One example is below:

        class Model(torch.nn.Module):
            def forward(self, a, b, c):
                nz = torch.nonzero(a)
                ones = a.new_ones([nz.size(0), b.size(0)])
                torch._check(ones.size(0) >= 1)
                equals = torch.add(ones, c)
                return equals
        torch._dynamo.mark_dynamic(c, 0)

When we re-use the ShapeEnv in Inductor lowering, the check that checks a and nonzero have the same shape would be evaluted to True after we resolve unbacked bindings using the ShapeEnv.
See test_unbacked_equals_input_size_runtime_assertion in test_aot_inductor.

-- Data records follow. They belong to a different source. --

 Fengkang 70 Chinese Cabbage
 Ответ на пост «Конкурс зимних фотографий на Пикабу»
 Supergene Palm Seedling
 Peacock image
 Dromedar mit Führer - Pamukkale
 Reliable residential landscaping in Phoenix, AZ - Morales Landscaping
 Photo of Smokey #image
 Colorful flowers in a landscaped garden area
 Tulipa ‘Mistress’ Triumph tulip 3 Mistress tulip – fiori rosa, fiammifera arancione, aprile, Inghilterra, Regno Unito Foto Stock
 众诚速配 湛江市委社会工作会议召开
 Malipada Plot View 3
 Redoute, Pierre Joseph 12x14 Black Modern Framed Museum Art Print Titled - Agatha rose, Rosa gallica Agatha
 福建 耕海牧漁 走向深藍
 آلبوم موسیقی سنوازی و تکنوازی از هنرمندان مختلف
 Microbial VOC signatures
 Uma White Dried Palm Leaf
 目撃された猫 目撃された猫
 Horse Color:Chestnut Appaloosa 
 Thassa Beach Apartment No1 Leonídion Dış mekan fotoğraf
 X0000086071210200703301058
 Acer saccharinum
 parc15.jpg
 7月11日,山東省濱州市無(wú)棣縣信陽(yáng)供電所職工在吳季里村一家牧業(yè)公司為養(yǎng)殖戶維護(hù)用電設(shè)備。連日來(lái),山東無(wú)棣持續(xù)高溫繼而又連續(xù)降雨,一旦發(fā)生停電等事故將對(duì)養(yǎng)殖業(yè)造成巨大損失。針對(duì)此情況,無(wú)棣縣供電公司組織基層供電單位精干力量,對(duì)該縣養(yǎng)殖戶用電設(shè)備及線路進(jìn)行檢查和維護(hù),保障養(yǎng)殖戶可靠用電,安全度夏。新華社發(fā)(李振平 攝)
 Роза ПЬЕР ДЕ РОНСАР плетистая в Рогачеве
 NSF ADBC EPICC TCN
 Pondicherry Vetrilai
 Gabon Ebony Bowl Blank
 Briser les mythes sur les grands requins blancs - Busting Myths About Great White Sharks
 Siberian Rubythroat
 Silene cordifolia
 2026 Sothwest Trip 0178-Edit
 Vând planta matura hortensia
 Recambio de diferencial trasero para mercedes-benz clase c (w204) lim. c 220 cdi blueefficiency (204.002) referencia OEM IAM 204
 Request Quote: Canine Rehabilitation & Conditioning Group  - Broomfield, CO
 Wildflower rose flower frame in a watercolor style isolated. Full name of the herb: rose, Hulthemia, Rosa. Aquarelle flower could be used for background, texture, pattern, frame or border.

In addition to the Inductor generated runtime asserts, we also need the runtime asserts from the input graph, because some derived runtime asserts are not generated in Inductor. One example is below:

        class Model(torch.nn.Module):
            def forward(self, x):
                y = x.reshape(100, -1).clone()
                y = y + 1
                return y
        
        dynamic_shapes = {
            "x": {0: torch.export.Dim.DYNAMIC},
        }
        x.shape[0] needs to be a multiple of 100.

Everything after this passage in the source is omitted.